Poor due diligence has wrecked Indian banking

DNA Edit: Breaking the bank
Vijay Mallya

In a charge sheet filed before a Mumbai court, the Enforcement Directorate has claimed that the disgraced liquor baron Vijay Mallya actively diverted sizable chunks from a Rs 900-crore loan for his personal expenses. Instrumental to this diversion, the ED claims, were five IDBI Bank employees who “knowingly assisted and conspired” with Mallya in “cheating” the bank of the hard-earned money deposited by its customers.

While these five officials are out on bail, the bank is in the doldrums. Its total NPAs, as per the latest estimates, stand at a staggering Rs 45,500 crore, and the bank has set up a 100-member team to devise a turnaround strategy. However, investors and fund houses are not interested in buying into the banks’ spin, evident by its stock movement, which has slid by 26% last month alone. What do not help the IDBI’s cause are the ED revelations in its charge sheet. Among other charges, it says that the bank disbursed the loan even when the officials were aware of Kingfisher Airlines’ unsteady financials and its poor credit eligibility.

The agency has alleged that the bank cleared a part of the Rs 900 crore loan within a day of receiving the proposal even when it was aware that credit facility of over Rs 4,600 crore, extended as short-term loans by other banks, was being used for long-term purposes.

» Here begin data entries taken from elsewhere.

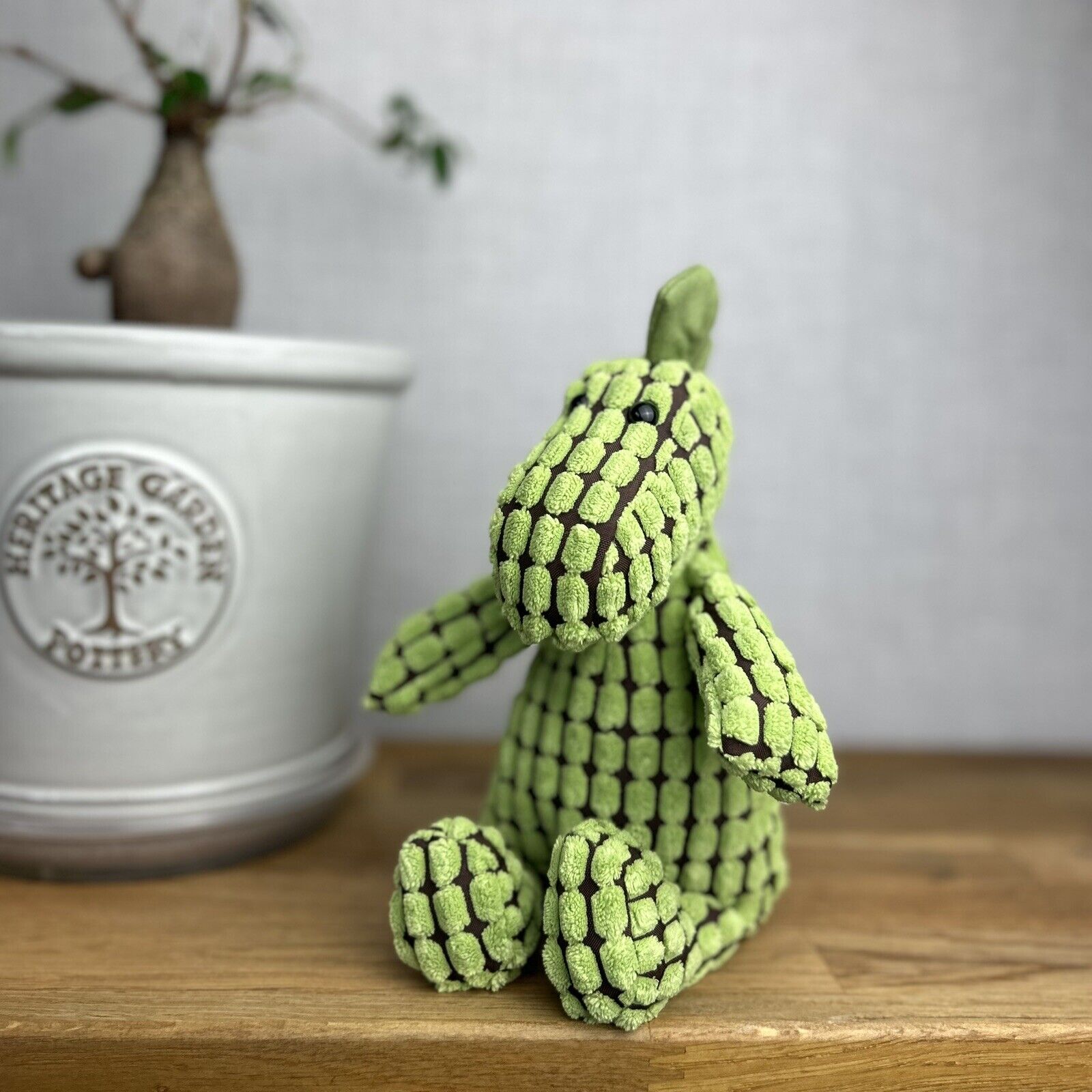 Jellycat Doppy Dino - Cordy Dino Small - Black & Green 10” (version 2)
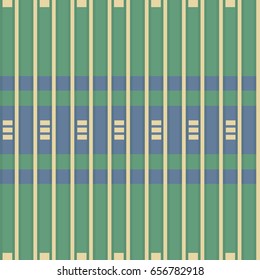 Seamless pattern with geometric figures and striped lines.
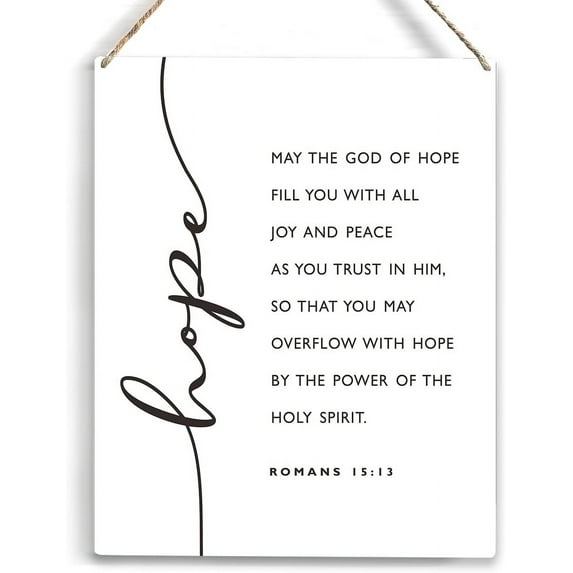 Wood Sign 8x10 Inch Hope May The God Bible Verse Wood Sign Rustic Romans 1513 Christian Wooden Hanging Plaque For Home Office Wall Art Decoration Gift For Women Men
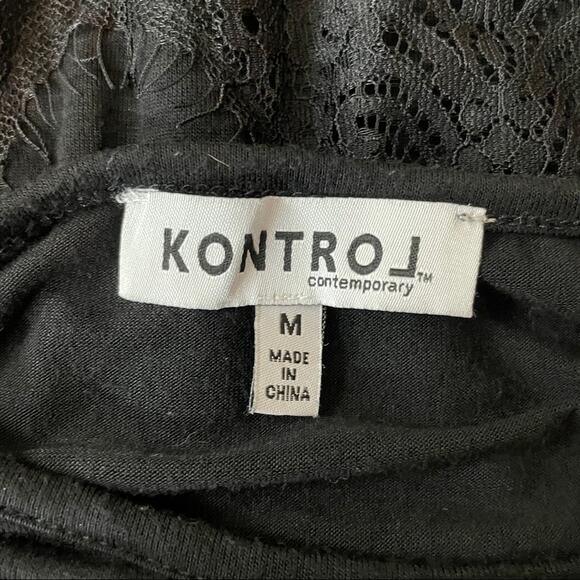 50% OFF Kontrol Blouse Lace Hems Top Scoop Neck Black - Picture 5 of 7
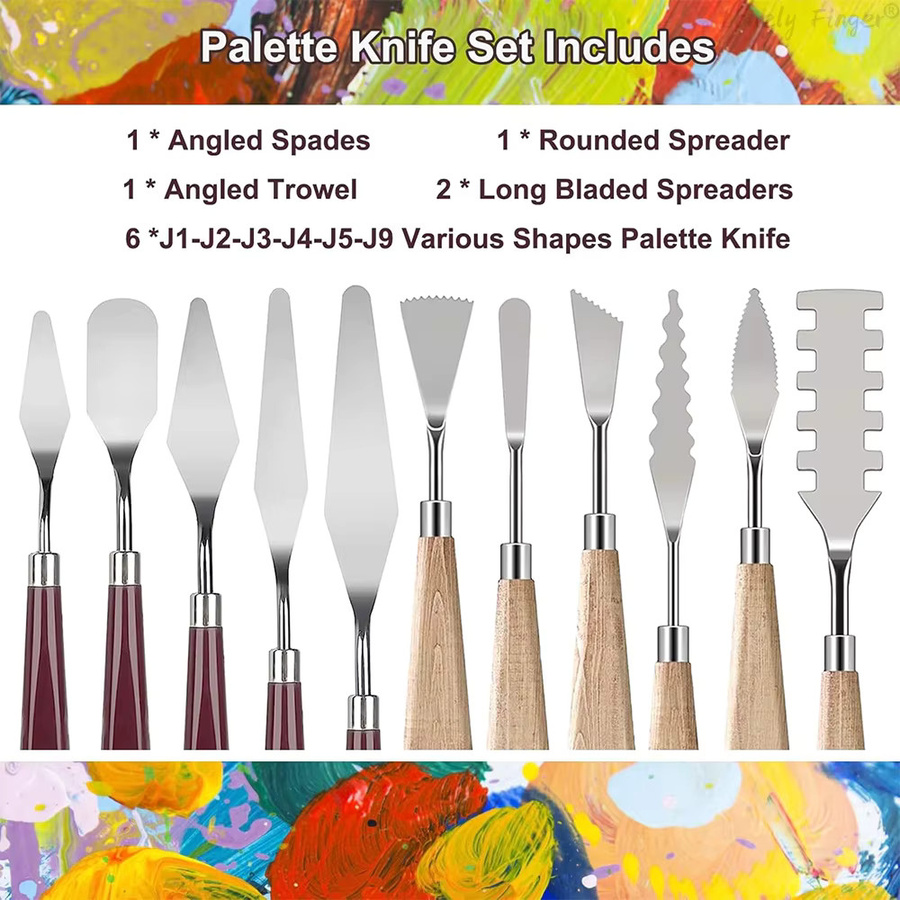 Lonely Finger 11-teiliges Spachtel-Set aus Edelstahl in Silber für Künstlerbedarf und Malerei mit Ölgemälden, Gouache und Aquarell - Bild 2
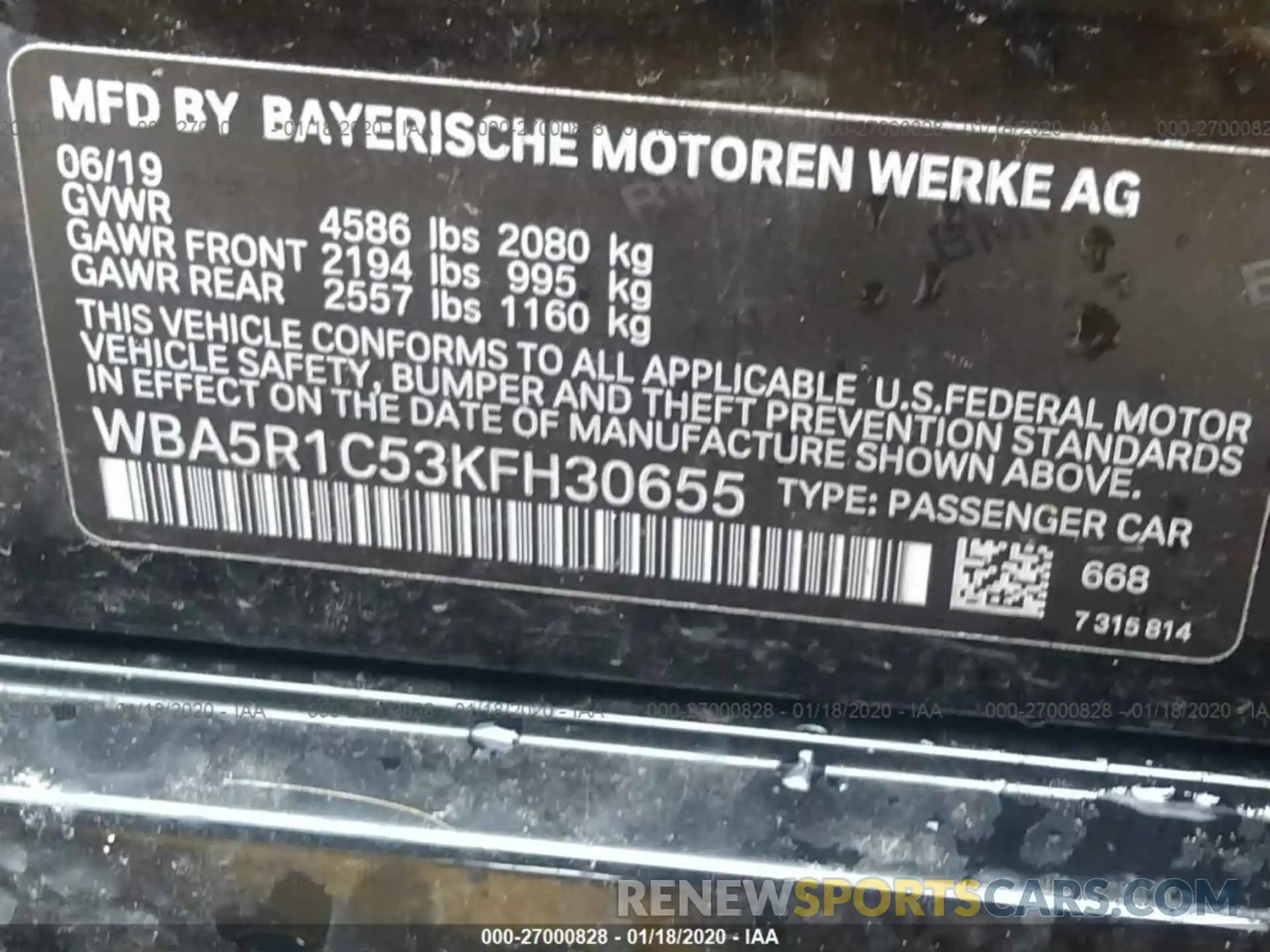 9 Photograph of a damaged car WBA5R1C53KFH30655 BMW 330I 2019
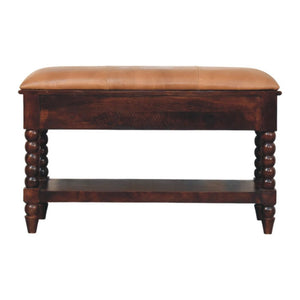 Spindle Winewood Leather Bench | Leather Texture | Accent Seating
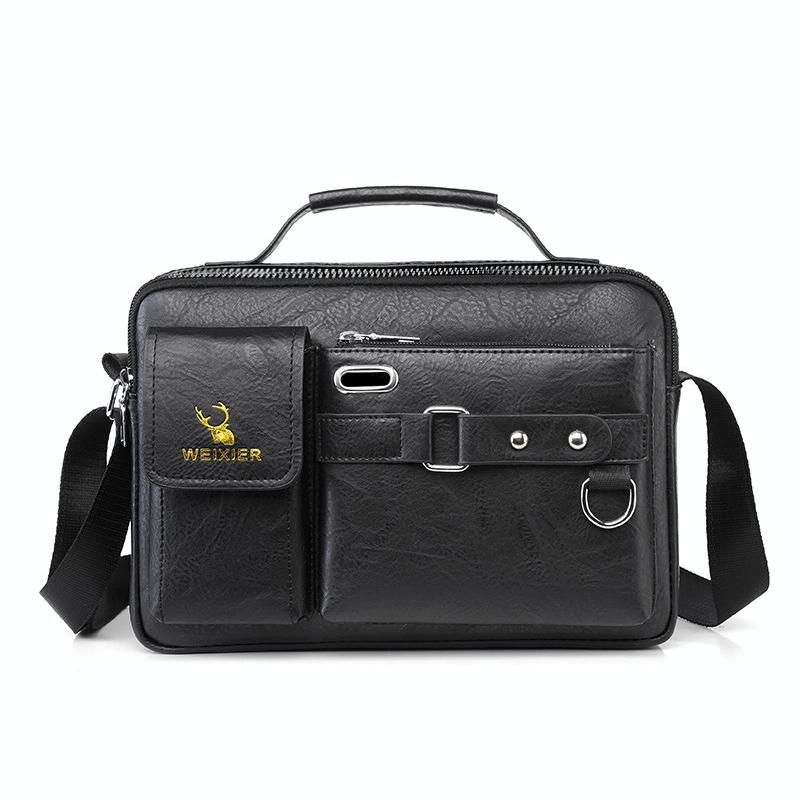 Portable Leather Shoulder Bag - Handbag - Plain Texture Black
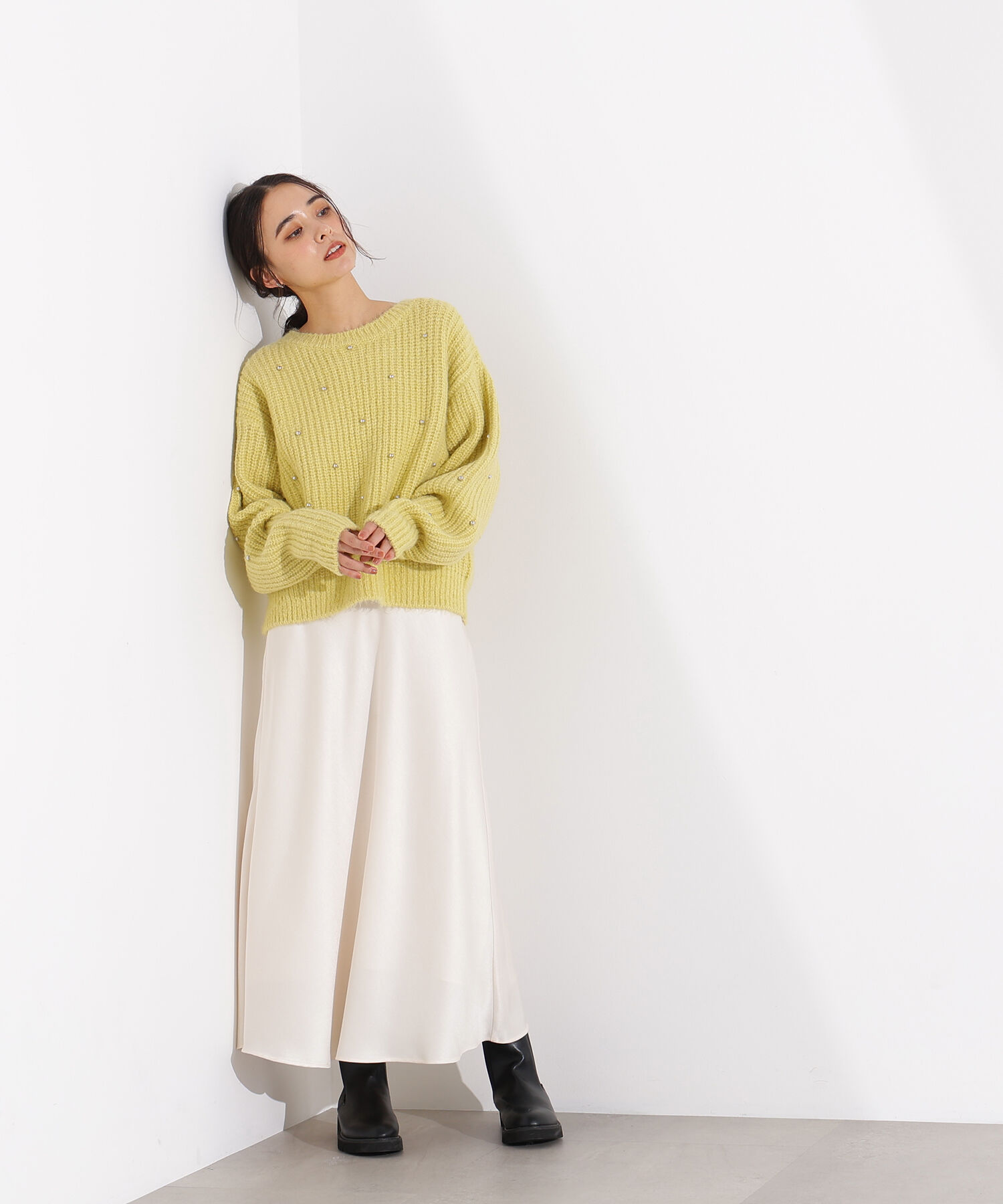  「スタッズ畦ニット」|ニット・セーター|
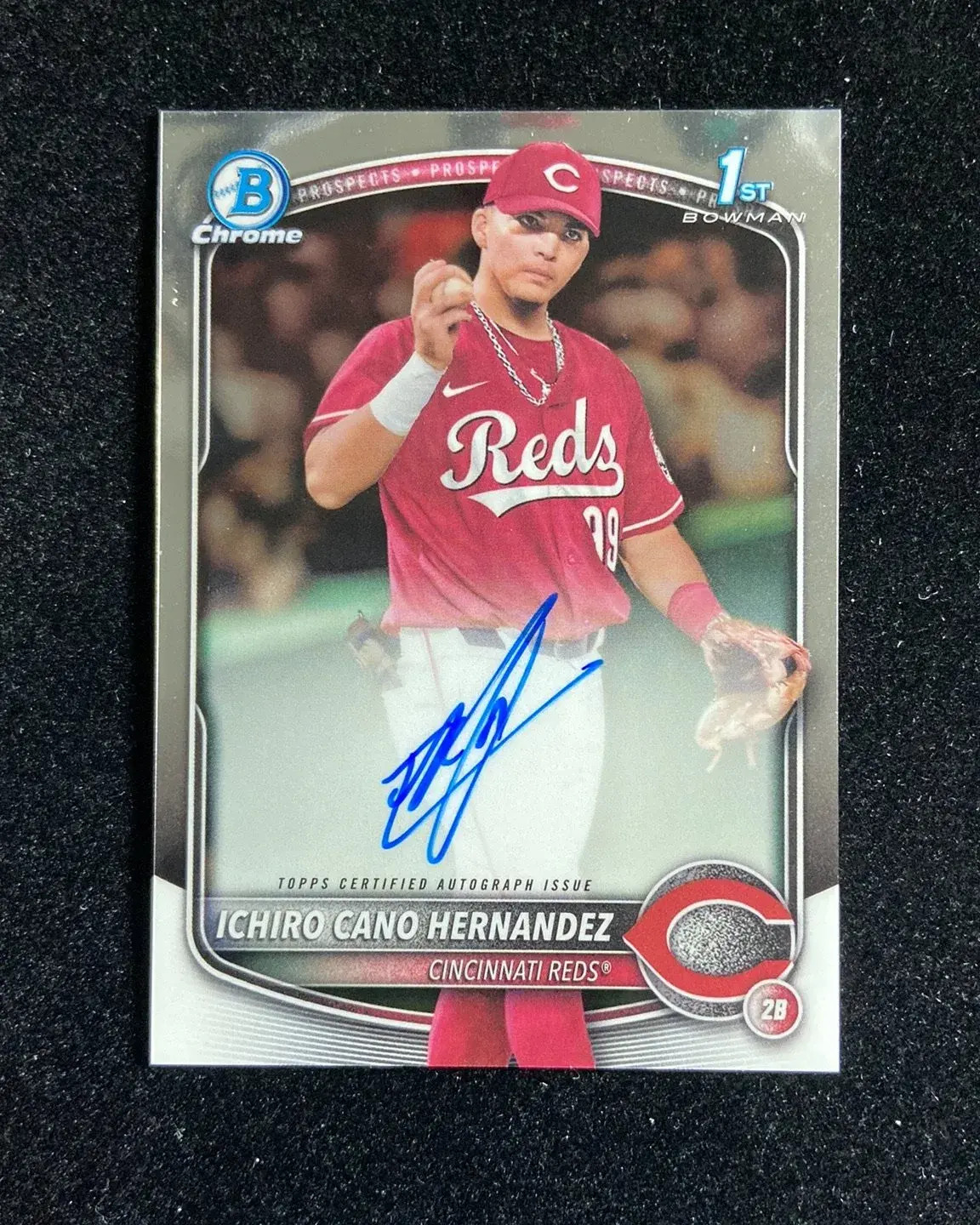 2025 Bowman Chrome Prospects 1st Auto #CPA-IC Ichiro Cano Hernandez Reds MIC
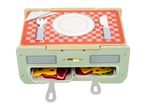 Wooden toy grill with checkered tablecloth, plate, cutlery, and play food like steak and cheese.
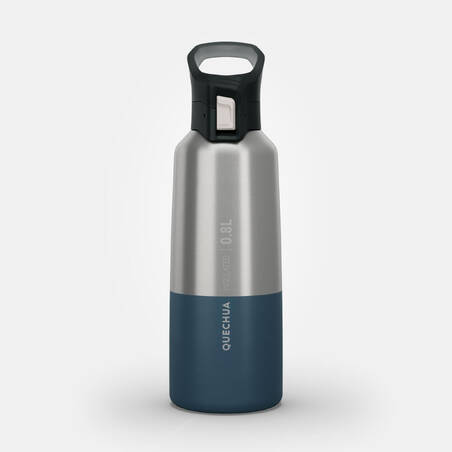 0.8 L stainless steel isothermal water bottle with quick-release cap for hiking 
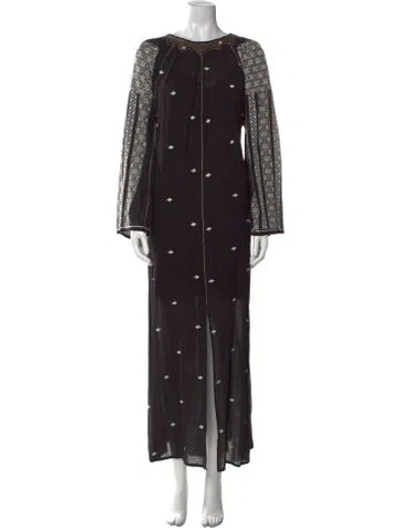 Pre-owned Doen Crew Neck Long Dress In Black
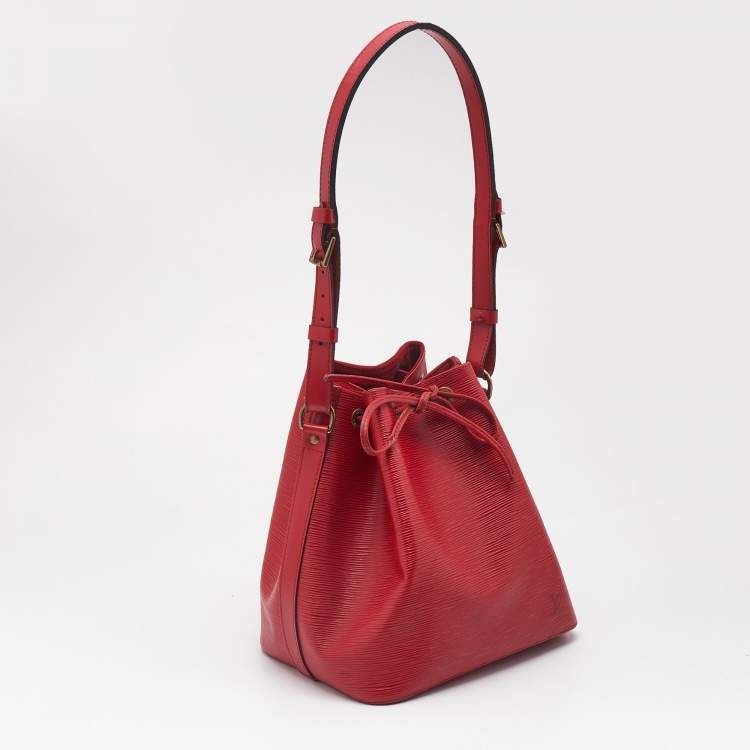 Pre Owned Louis Vuitton Red Epi Leather Petit Noe Bag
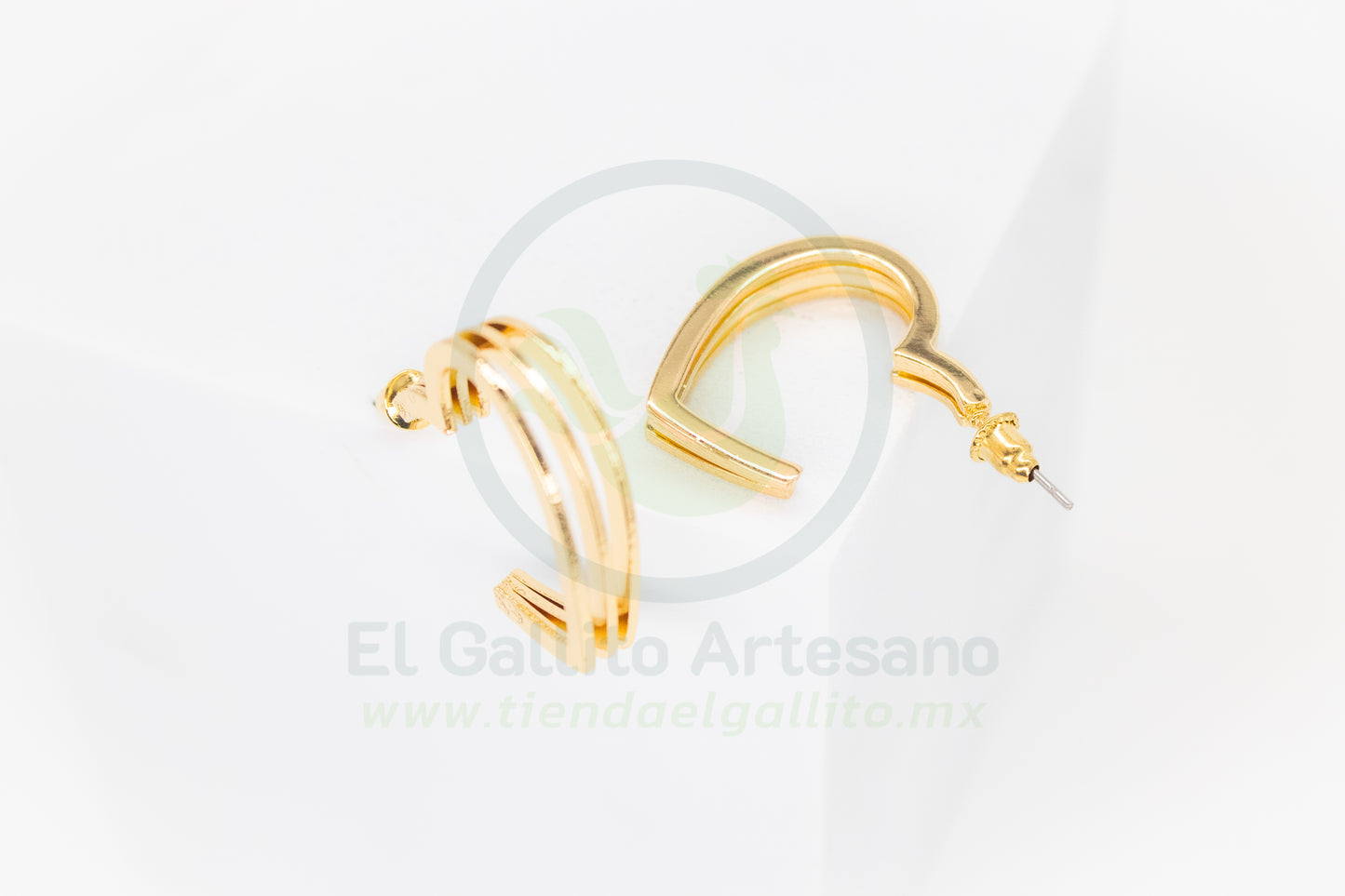 Arete Gold MD30 | Aro en Corazón Lineas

Now, Mallya is chiding Indians from UK that we can keep dreaming about billions of pounds, while the five IDBI officials face the prospect of being jailed. IDBI Bank isn’t the only institution in the NPA soup. Several public and private sector banks are also in the crosshairs of the CBI and the ED for granting loans in violation of the lending parameters. Why did they do so? Many former banking officials claim interference from government quarters, while an equal number attribute these loans to the heady enthusiasm of the pre-recession period.

Irrespective of the reasons behind loan disbursals, the fact is banks are sitting on a pile of Rs 7.7 lakh crore of toxic loans. Meanwhile, the need for a centralised due diligence bureau has never been felt as strongly as it is now. Such a bureau with cross-sectoral expertise will help banks assess project viability. Additionally, the absence of aggregated data on loan exposure at a central level will also have to be tackled by the RBI and other banking players. Wilful defaulters, aware of this lacuna, exploit it to the hilt. The same set of borrowers invoke debt-restructuring exercise every other decade and walk away with sizable haircuts. A centralised data pool will reduce, if not eliminate, such happenings.